*What is needed*
Among the entries below, only the lines starting at the one with "鸭架白菜豆腐汤的做法图解9" and ending at the one with "Muji Eye Color", both included, are to be printed exactly.

◆ ◆ ◆ ◆ ◆

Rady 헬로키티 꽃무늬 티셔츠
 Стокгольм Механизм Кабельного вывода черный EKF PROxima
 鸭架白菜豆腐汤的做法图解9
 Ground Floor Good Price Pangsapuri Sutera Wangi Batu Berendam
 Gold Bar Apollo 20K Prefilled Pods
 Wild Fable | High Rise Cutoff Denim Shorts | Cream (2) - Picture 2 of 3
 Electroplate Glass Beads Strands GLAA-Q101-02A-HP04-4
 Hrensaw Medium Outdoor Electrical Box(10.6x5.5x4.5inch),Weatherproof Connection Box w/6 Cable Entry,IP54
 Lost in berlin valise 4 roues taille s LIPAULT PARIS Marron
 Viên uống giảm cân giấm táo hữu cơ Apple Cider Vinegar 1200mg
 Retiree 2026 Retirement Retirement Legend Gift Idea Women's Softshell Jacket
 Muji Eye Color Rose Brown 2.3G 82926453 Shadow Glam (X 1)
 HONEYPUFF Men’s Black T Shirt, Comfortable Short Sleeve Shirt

◆ ◆ ◆ ◆ ◆

*Task solution*
 鸭架白菜豆腐汤的做法图解9
 Ground Floor Good Price Pangsapuri Sutera Wangi Batu Berendam
 Gold Bar Apollo 20K Prefilled Pods
 Wild Fable | High Rise Cutoff Denim Shorts | Cream (2) - Picture 2 of 3
 Electroplate Glass Beads Strands GLAA-Q101-02A-HP04-4
 Hrensaw Medium Outdoor Electrical Box(10.6x5.5x4.5inch),Weatherproof Connection Box w/6 Cable Entry,IP54
 Lost in berlin valise 4 roues taille s LIPAULT PARIS Marron
 Viên uống giảm cân giấm táo hữu cơ Apple Cider Vinegar 1200mg
 Retiree 2026 Retirement Retirement Legend Gift Idea Women's Softshell Jacket
 Muji Eye Color Rose Brown 2.3G 82926453 Shadow Glam (X 1)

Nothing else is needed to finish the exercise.